- Data segment -
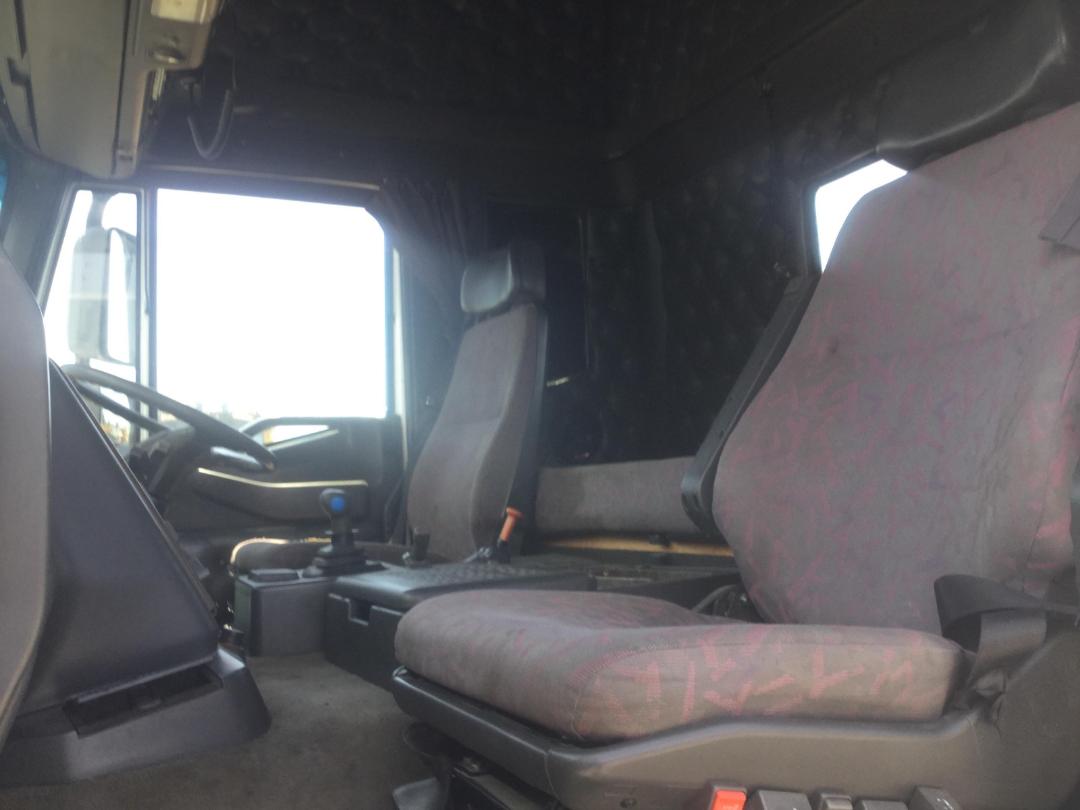 Photo '18' of Iveco EUROTECH MP4500 Tractor-Unit Photo '18' of Iveco EUROTECH MP4500 Tractor-Unit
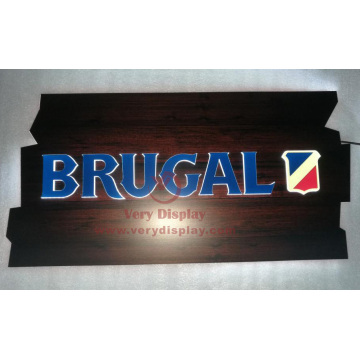 우드 포일 전면이있는 Brugal Light 디스플레이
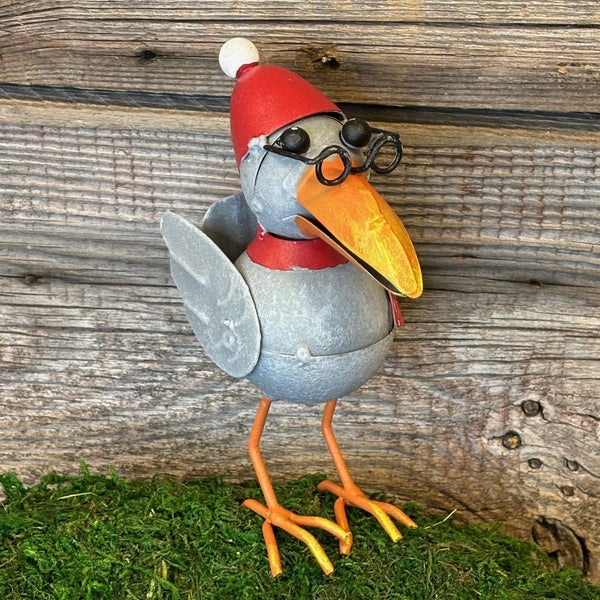 Gunnar, seisova puutarhalintu.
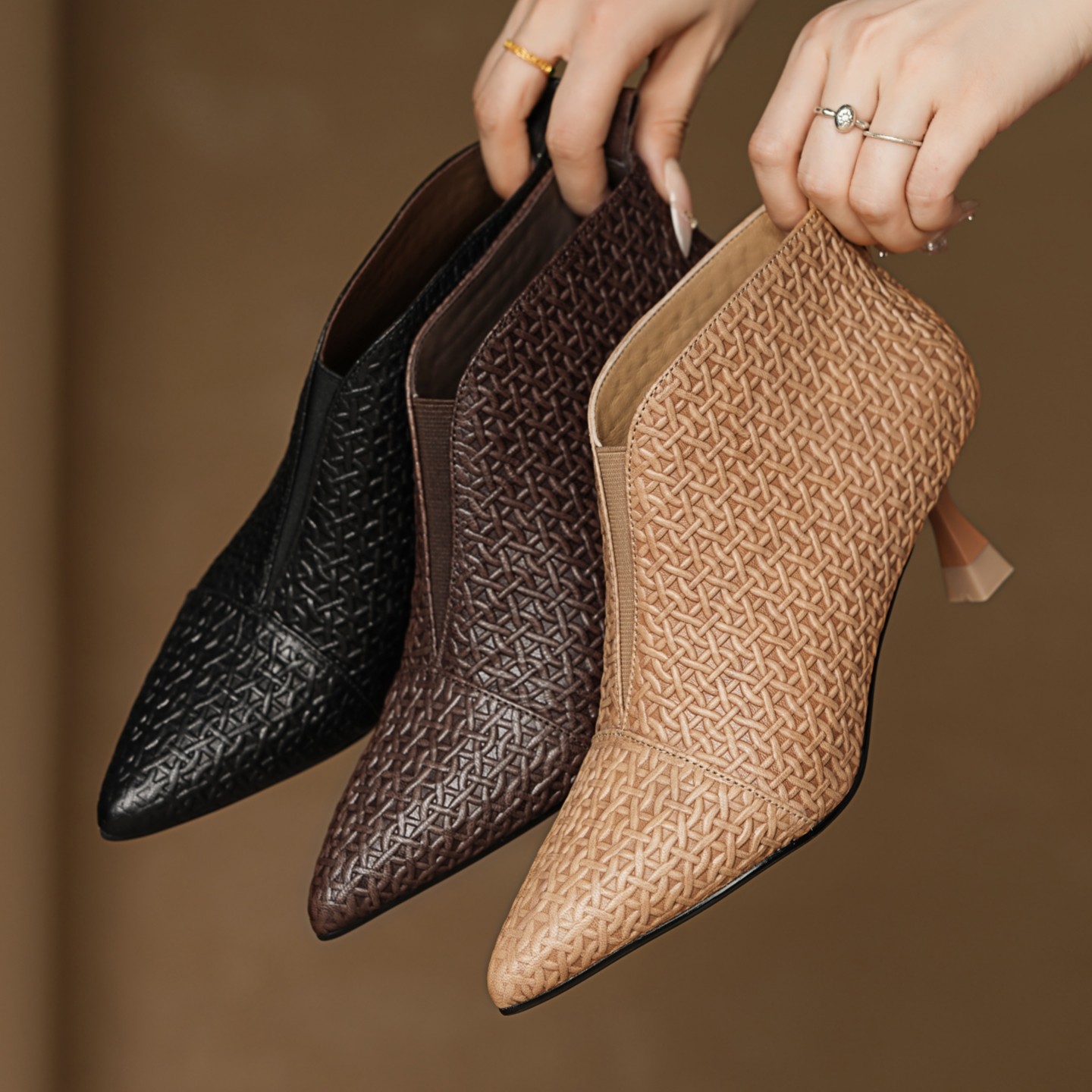 时尚气质尖头高跟短靴女牛皮压纹V口套脚舒适细跟中跟单靴秋短靴,女鞋,时装靴,淘宝优惠券,粉丝福利购,淘宝优惠卷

- Action item -
Exact copy, no pictures: please print the data above once more.

- Answer to the problem -
 Photo '18' of Iveco EUROTECH MP4500 Tractor-Unit Photo '18' of Iveco EUROTECH MP4500 Tractor-Unit
 우드 포일 전면이있는 Brugal Light 디스플레이
 Gunnar, seisova puutarhalintu.
 时尚气质尖头高跟短靴女牛皮压纹V口套脚舒适细跟中跟单靴秋短靴,女鞋,时装靴,淘宝优惠券,粉丝福利购,淘宝优惠卷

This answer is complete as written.